Exercise directions — Set down the full listing exactly as given. Any pictures are to be left out.

The data —
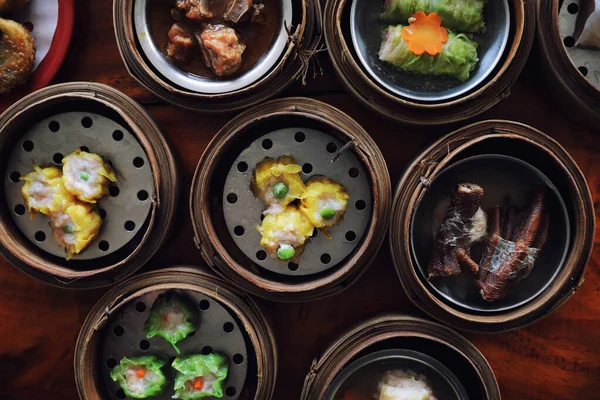Dim Sum, Dampfknödel im Holzkorb chinesisches Essen — Stockfoto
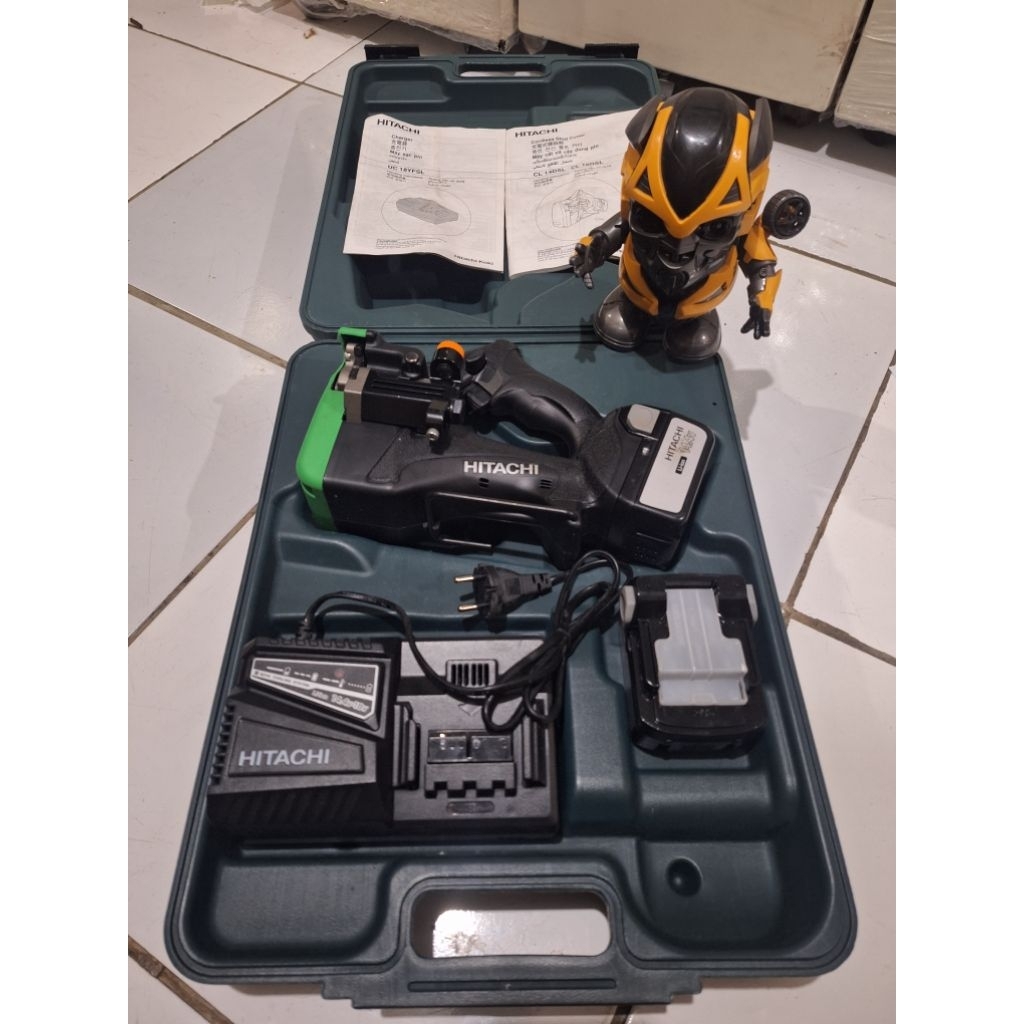 

Hitachi CL 14DSL cordless stud cutter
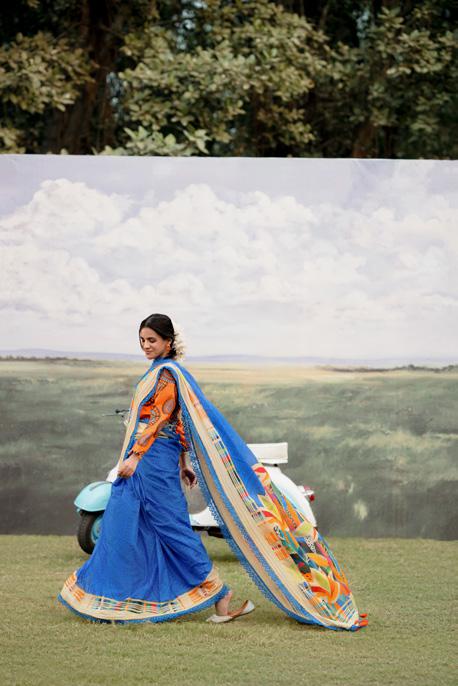 Gul Ahmed Dhoop Kinaray Lawn 2025 | SR52006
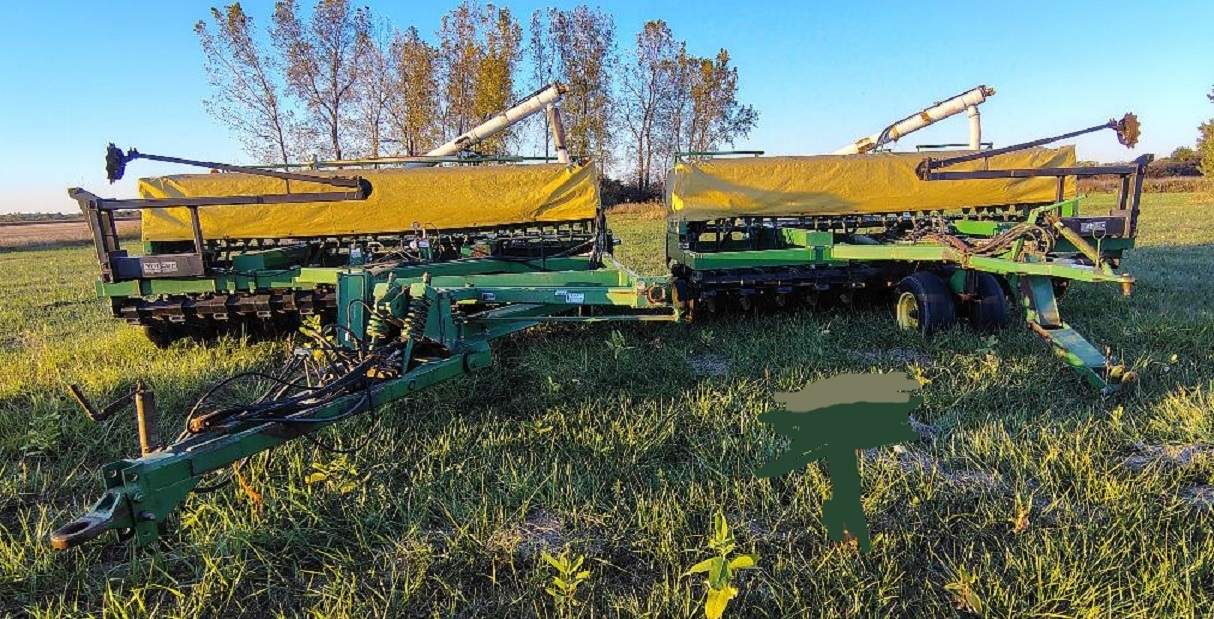 1992 JOHN DEERE 750 Grain Drills in Oregon, OH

Task solution —
Dim Sum, Dampfknödel im Holzkorb chinesisches Essen — Stockfoto

Hitachi CL 14DSL cordless stud cutter
 Gul Ahmed Dhoop Kinaray Lawn 2025 | SR52006
 1992 JOHN DEERE 750 Grain Drills in Oregon, OH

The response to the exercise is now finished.